On the subject of impending military strikes against Syria, I have little to add to my prior post on the similar situation in Libya in 2011. I argued then (writing at Opinio Juris):
Every major figure from the founding era who commented on the matter said that the Constitution gave Congress the exclusive power to commit the nation to hostilities. Notably, this included not only people with reservations about presidential power, such as James Madison and Thomas Jefferson, but also strong advocates of the President’s prerogatives, such as George Washington and Alexander Hamilton. As President, Washington on several occasions said that he could not undertake offensive military actions without Congress’ approval. Hamilton is especially significant, because his views on the need for a strong executive went far beyond those of his contemporaries. Yet Hamilton made it very clear that he read the Constitution not to allow the President to begin a war – as he put it at one point, “it belongs to Congress only, to go to war.” (References are found in my article “Textualism and War Powers,” 69 U. Chicago L. Rev. 1543 (2002), in part I.A).
Does the Libya intervention amount to a “war” in constitutional terms? Samuel Johnson’s influential 18th century dictionary defined “war” broadly as “the exercise of violence under sovereign command, against withstanders.” International law writers of the time expressed similarly expansive definitions. Although there are surely borderline cases, our use of force against Libya easily qualifies: the opponent is the Libya government, and our objective is to use “violence under sovereign command” to force that government to change course.
The fact that our use of force is limited to air strikes should not matter. Limited wars were well-known in the 18th century (Britain and France fought a limited war at sea and in North America during the American Revolution). The U.S. fought two limited wars early in its history, against France beginning in 1798 and against Tripoli in 1801. So far as I know, every person commenting on these events at the time thought that Congress had to authorize any initiation of force, even limited naval attacks. (In 1801, Hamilton argued that authorization wasn’t needed because Tripoli, not the U.S., began the war; but he agreed that congressional authorization would otherwise be necessary even in the context of an attack on a single Tripoli warship.)
Thus the founding generation thought the Constitution reserved war-initiation power to Congress. How could this be, though, if Congress has only the power to “declare War”, which we may think refers to making a (now-outmoded) formal announcement? Why can’t the President begin a war informally, merely by ordering an attack, without a declaration?

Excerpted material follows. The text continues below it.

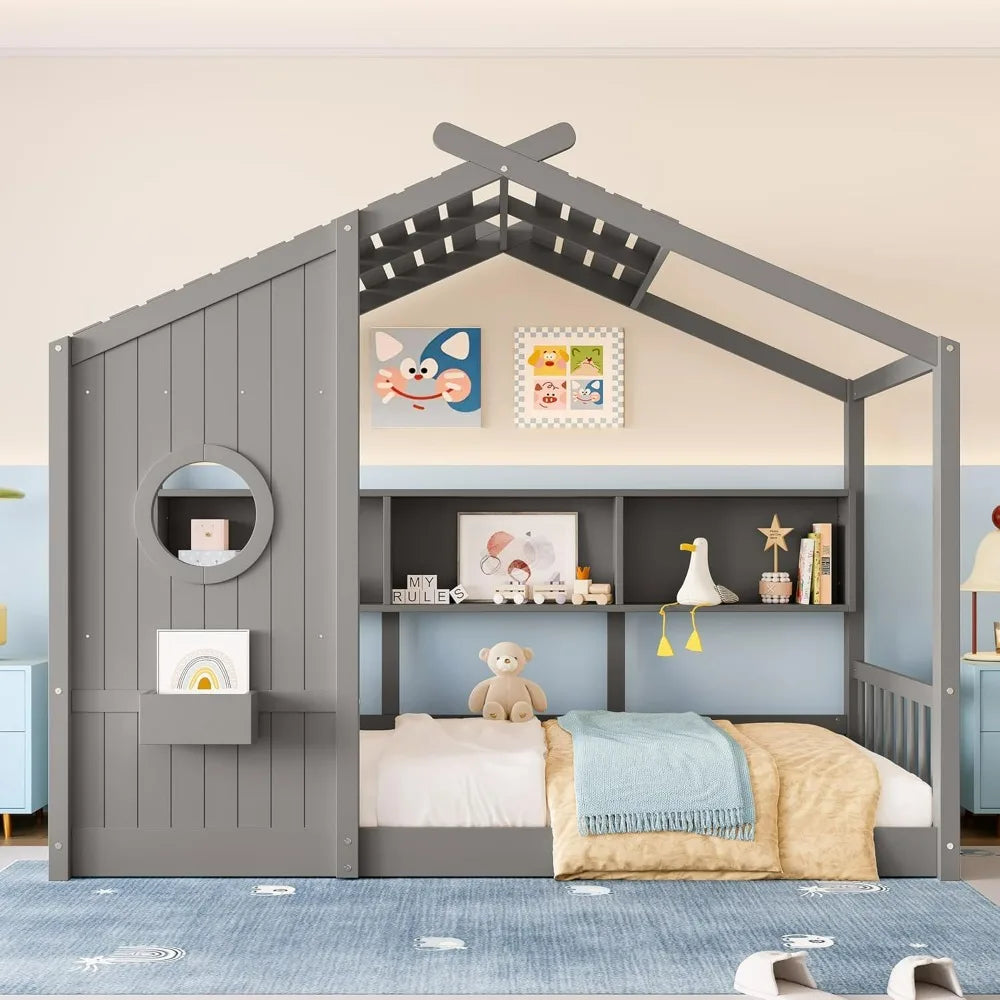 Twin-Sized Storage-Friendly Kids' Montessori Bed with Wooden House Frame and Roof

The answer is that in founding-era terminology war could be “declared” either by formal announcement or by military action initiating hostilities. John Locke’s classic Two Treatises of Government from the late 17th century referred to “declar[ing] by word or action.” Blackstone and Vattel, two of the 18th century legal writers most influential in America, also used “declare” in this way. Vattel wrote: “When one nation takes up arms against another, she from that moment declares herself an enemy to all individuals of the latter.” Johnson’s dictionary gave as one definition of “declare” to “shew in open view” – which, applied to warfare, would obviously encompass military attacks. (References are found in my Chicago Law Review article, Part III; for a more comprehensive account, see this outstanding article by Saikrishna Prakash). Thus in 18th century terms initiating an attack was as much “to declare war” as was making a formal announcement; Congress’ Article I, Section 8 power is not narrowly about issuing formal announcements, but broadly about authorizing the sorts of actions that begin war.

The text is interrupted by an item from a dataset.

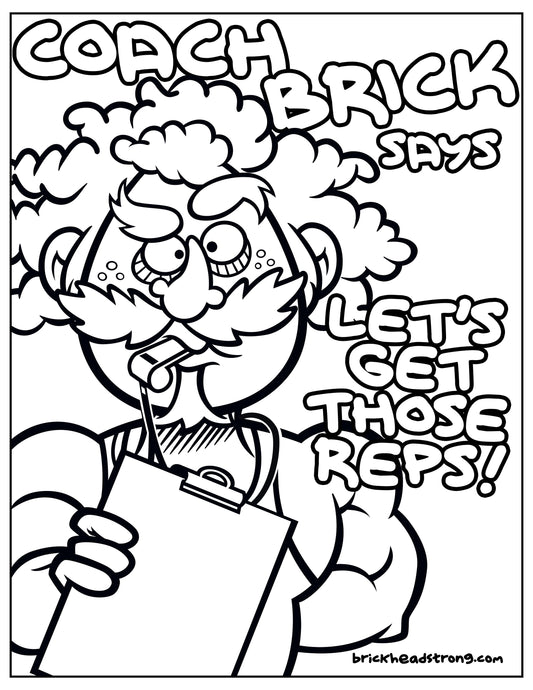 Coach Brick Coloring Sheet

Perhaps, though, the President also has power to declare war (after all, the Constitution expressly says only that Congress has it, not that the President doesn’t, and it could be part of the President’s power as commander-in-chief). Returning to Hamilton, a key passage in his Federalist 32 argued that often constitutional power could be held concurrently by different entities. But, he continued, an exclusive grant of power would arise where concurrent power would be “totally contradictory and repugnant” – that is, when one branch’s exercise of a power would wholly undermine an express grant to another branch. Hamilton didn’t give the example of declaring war here, but it fits his model: war, once launched, cannot be undone without consequences. If Congress’ power is to decide when war should begin, it follows that the President cannot independently launch attacks.

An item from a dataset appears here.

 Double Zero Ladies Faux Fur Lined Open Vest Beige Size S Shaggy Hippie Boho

And the Constitution’s drafters expressly described the clause as designed to exclude presidential war-initiation power. James Wilson told the Pennsylvania ratifying convention: “This system will not hurry us into war; it is calculated to guard against it. It will not be in the power of a single man, or a single body of men, to involve us in such distress; for the important power of declaring war is vested in the legislature at large.”
As a result, the founding generation’s views are clear and have firm basis in the Constitution’s text: the declare war clause gives Congress the exclusive power to decide when war should be “declared” – meaning begun by “word or action.” In Libya, President Obama has “declared” a war – a limited one, to be sure, but still a war by 18th century definitions – without congressional approval. That contravenes both the Constitution’s text and the founding era’s consensus understanding.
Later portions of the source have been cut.